Exercise description:
From the records below, print exactly the lines starting at the one containing "Anarkali Heavy Mirror and Gota Beige" and ending at the one containing "5 Pieces Multipurpose", ends included, and nothing else.

━━━ Input material

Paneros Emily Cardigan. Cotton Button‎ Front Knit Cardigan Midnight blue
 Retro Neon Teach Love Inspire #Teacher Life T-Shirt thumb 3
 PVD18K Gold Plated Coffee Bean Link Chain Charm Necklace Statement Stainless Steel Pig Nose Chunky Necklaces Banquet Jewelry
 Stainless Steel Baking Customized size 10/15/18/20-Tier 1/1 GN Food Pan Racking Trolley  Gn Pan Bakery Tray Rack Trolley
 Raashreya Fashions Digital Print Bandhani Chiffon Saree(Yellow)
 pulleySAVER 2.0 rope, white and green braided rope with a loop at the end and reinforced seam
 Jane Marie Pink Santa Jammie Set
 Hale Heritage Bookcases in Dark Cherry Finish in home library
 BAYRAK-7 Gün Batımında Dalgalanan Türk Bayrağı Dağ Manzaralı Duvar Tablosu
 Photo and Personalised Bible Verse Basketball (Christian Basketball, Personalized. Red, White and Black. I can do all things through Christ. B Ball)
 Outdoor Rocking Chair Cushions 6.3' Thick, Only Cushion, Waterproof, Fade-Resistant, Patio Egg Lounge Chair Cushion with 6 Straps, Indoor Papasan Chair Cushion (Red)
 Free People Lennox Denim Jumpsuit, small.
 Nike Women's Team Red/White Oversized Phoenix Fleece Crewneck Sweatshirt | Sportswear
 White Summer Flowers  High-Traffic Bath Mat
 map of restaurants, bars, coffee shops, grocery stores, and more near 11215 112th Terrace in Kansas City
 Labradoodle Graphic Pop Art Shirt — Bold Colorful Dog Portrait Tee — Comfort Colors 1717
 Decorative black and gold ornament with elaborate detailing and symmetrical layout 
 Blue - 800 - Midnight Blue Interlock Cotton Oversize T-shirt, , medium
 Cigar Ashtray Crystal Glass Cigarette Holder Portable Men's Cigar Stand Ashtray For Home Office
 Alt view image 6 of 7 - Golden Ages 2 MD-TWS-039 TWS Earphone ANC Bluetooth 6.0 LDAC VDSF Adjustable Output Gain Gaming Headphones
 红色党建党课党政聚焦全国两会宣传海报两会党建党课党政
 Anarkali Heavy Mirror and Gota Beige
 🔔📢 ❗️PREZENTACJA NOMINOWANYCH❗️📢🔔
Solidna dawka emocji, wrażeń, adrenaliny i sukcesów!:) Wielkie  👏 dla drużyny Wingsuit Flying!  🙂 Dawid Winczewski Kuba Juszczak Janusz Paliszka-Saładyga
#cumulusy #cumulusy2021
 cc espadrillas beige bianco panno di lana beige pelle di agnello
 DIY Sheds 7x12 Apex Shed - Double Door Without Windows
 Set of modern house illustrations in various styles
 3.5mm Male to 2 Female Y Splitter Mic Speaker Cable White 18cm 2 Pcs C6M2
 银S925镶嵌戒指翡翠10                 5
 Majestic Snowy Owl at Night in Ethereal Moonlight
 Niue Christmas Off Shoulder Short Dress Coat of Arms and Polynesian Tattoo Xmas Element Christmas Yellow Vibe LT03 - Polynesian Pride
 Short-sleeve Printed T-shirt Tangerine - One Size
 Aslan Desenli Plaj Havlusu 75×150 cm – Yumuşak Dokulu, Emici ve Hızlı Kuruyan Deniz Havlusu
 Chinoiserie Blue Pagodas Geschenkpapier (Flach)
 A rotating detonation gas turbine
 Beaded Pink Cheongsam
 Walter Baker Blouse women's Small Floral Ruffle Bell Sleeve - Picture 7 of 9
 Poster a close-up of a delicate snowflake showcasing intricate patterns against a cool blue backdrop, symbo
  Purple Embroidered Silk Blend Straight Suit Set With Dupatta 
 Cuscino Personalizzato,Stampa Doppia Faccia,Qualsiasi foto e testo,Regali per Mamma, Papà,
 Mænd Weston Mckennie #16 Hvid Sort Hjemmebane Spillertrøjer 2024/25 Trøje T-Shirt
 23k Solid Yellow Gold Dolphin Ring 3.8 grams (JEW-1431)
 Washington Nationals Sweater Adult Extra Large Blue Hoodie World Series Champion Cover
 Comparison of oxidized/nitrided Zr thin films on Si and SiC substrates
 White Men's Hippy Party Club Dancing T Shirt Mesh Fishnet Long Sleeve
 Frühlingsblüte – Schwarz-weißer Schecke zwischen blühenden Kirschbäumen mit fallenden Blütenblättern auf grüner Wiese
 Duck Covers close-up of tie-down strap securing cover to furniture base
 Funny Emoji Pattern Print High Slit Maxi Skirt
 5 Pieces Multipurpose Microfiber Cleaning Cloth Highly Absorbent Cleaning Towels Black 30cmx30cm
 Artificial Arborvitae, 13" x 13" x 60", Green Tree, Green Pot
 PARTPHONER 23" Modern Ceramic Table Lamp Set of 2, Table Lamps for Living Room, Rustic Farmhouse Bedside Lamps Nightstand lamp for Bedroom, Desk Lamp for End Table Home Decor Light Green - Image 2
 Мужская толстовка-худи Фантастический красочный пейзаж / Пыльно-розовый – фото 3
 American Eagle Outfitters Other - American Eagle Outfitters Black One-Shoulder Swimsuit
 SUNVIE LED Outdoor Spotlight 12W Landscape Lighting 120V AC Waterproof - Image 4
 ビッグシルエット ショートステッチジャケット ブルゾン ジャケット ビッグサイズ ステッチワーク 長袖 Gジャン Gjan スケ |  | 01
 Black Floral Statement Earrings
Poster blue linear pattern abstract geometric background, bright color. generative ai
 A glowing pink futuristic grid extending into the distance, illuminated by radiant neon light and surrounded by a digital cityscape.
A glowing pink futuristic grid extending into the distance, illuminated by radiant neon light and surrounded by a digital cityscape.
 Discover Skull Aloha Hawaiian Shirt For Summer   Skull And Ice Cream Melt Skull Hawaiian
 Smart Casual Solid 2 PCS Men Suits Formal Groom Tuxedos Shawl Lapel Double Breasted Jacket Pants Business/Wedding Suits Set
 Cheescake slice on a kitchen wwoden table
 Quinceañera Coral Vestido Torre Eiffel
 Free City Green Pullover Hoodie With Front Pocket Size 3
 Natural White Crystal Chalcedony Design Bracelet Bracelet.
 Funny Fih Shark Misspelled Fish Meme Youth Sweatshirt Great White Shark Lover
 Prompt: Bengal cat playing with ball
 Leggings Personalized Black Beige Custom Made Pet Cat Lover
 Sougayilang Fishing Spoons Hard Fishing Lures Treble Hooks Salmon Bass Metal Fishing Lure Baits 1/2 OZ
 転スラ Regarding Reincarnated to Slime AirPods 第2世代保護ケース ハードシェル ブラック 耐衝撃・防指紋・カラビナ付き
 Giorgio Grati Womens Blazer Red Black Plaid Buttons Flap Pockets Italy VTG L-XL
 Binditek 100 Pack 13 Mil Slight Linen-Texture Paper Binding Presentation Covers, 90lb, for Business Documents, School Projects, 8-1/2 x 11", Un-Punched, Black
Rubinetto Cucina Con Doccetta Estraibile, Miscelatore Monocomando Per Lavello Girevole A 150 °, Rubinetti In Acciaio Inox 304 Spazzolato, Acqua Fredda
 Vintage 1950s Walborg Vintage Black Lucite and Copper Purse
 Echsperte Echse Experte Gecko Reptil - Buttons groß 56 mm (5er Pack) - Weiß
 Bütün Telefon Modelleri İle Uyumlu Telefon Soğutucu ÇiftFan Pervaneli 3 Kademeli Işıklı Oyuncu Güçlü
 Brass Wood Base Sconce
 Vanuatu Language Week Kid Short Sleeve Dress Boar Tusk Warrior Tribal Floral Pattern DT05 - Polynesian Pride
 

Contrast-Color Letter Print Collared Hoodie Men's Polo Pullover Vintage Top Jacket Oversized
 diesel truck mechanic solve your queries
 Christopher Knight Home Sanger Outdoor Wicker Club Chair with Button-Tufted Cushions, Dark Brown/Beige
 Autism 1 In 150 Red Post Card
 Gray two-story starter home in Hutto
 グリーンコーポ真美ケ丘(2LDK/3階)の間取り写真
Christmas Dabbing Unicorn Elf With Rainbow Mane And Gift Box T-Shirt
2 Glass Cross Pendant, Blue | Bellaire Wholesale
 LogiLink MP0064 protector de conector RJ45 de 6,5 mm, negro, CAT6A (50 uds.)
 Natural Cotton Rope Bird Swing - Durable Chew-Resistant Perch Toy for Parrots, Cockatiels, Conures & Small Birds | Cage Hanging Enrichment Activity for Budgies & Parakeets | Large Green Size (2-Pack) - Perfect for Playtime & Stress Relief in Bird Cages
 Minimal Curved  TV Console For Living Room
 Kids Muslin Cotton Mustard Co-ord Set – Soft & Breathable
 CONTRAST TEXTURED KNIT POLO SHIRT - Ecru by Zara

━━━━━━

Answer section:
 Anarkali Heavy Mirror and Gota Beige
 🔔📢 ❗️PREZENTACJA NOMINOWANYCH❗️📢🔔
Solidna dawka emocji, wrażeń, adrenaliny i sukcesów!:) Wielkie  👏 dla drużyny Wingsuit Flying!  🙂 Dawid Winczewski Kuba Juszczak Janusz Paliszka-Saładyga
#cumulusy #cumulusy2021
 cc espadrillas beige bianco panno di lana beige pelle di agnello
 DIY Sheds 7x12 Apex Shed - Double Door Without Windows
 Set of modern house illustrations in various styles
 3.5mm Male to 2 Female Y Splitter Mic Speaker Cable White 18cm 2 Pcs C6M2
 银S925镶嵌戒指翡翠10                 5
 Majestic Snowy Owl at Night in Ethereal Moonlight
 Niue Christmas Off Shoulder Short Dress Coat of Arms and Polynesian Tattoo Xmas Element Christmas Yellow Vibe LT03 - Polynesian Pride
 Short-sleeve Printed T-shirt Tangerine - One Size
 Aslan Desenli Plaj Havlusu 75×150 cm – Yumuşak Dokulu, Emici ve Hızlı Kuruyan Deniz Havlusu
 Chinoiserie Blue Pagodas Geschenkpapier (Flach)
 A rotating detonation gas turbine
 Beaded Pink Cheongsam
 Walter Baker Blouse women's Small Floral Ruffle Bell Sleeve - Picture 7 of 9
 Poster a close-up of a delicate snowflake showcasing intricate patterns against a cool blue backdrop, symbo
  Purple Embroidered Silk Blend Straight Suit Set With Dupatta 
 Cuscino Personalizzato,Stampa Doppia Faccia,Qualsiasi foto e testo,Regali per Mamma, Papà,
 Mænd Weston Mckennie #16 Hvid Sort Hjemmebane Spillertrøjer 2024/25 Trøje T-Shirt
 23k Solid Yellow Gold Dolphin Ring 3.8 grams (JEW-1431)
 Washington Nationals Sweater Adult Extra Large Blue Hoodie World Series Champion Cover
 Comparison of oxidized/nitrided Zr thin films on Si and SiC substrates
 White Men's Hippy Party Club Dancing T Shirt Mesh Fishnet Long Sleeve
 Frühlingsblüte – Schwarz-weißer Schecke zwischen blühenden Kirschbäumen mit fallenden Blütenblättern auf grüner Wiese
 Duck Covers close-up of tie-down strap securing cover to furniture base
 Funny Emoji Pattern Print High Slit Maxi Skirt
 5 Pieces Multipurpose Microfiber Cleaning Cloth Highly Absorbent Cleaning Towels Black 30cmx30cm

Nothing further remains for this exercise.